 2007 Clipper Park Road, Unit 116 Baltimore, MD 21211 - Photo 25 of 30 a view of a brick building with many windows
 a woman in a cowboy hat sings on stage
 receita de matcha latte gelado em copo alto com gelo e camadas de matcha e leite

==

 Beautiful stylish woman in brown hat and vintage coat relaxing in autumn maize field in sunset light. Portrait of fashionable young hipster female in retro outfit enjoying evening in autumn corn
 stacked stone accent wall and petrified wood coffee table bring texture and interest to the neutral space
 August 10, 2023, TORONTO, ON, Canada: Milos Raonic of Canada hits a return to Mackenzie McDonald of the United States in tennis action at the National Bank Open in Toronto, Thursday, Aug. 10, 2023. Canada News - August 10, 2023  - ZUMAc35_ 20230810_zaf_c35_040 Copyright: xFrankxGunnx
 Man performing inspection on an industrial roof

▶ [Problem]:
Your answer should be the lines of the material above that include "woman".

▶ [Task response]:
 a woman in a cowboy hat sings on stage
 Beautiful stylish woman in brown hat and vintage coat relaxing in autumn maize field in sunset light. Portrait of fashionable young hipster female in retro outfit enjoying evening in autumn corn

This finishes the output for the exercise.